Köln – Nach dem größten Erfolg der Teamgeschichte will Bora-hansgrohe mit einem neuen Selbstverständnis auch bei der Tour de France angreifen. „Wir haben uns innerhalb von zehn Jahren zum Siegerteam entwickelt“, sagte Teamchef Ralph Denk bei Eurosport. Der Raublinger Rennstall ist mit dem Triumph beim Giro endgültig im Kreis der Großen angekommen und nimmt die prestigeträchtigsten Siege des Radsports ins Visier.
Die Vorbereitungen für die Frankreich-Rundfahrt im Juli laufen auf Hochtouren. „Wir werden eine Zwei-Mann-Strategie fahren“, sagte Denk, der bei Grand Tours künftig immer auf eine Zweier- oder Dreierspitze setzen will: „Sam Bennett ist für den Sprint und Alexander Wlassow für die Gesamtwertung vorgesehen.“ Zudem möchte der 48-Jährige den „offensiven Fahrstil wie beim Giro beibehalten“.

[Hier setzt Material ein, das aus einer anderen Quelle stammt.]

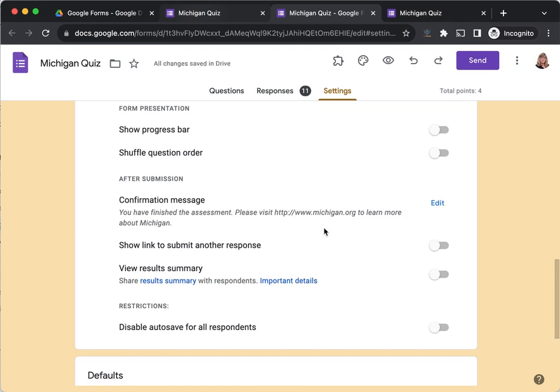If you added a URL like I did, it is not clickable here in the settings, but it will be clickable for your students when they get that as a confirmation message. So let's check it out and see how it works.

Ob und wie viele deutsche Fahrer dann am Start sein werden, steht noch nicht endgültig fest. Maximilian Schachmann, Nils Politt und Lennard Kämna haben aktuell die besten Chancen. Gerade Kämna traut Denk mittelfristig auch zu, bei dreiwöchigen Rundfahrten um die Gesamtwertung zu fahren. Giro-Sieger Jai Hindley und Emanuel Buchmann waren nicht für die Tour vorgesehen.
Der Weg hin zum Gesamtklassement-Team ist durch den Abgang von Superstar Peter Sagan im vergangenen Winter möglich geworden. Lange Zeit wurde die Mannschaft um den Slowaken aufgebaut, nun eröffneten sich neue Möglichkeiten.
„Es war eine komplette Neuausrichtung“, sagte Denk: „Wir wollten jetzt unseren Weg gehen. Klassiker und Sprintsiege sind das eine, aber ein Sieg bei einer Grand Tour das andere. Dies erzeugt noch mal eine ganz andere Aufmerksamkeit.“ Es sei aber auch die „Königsdisziplin“ und ein „steiniger Weg“ im Radsport, der immerhin auf den Giro-Gipfel geführt hat.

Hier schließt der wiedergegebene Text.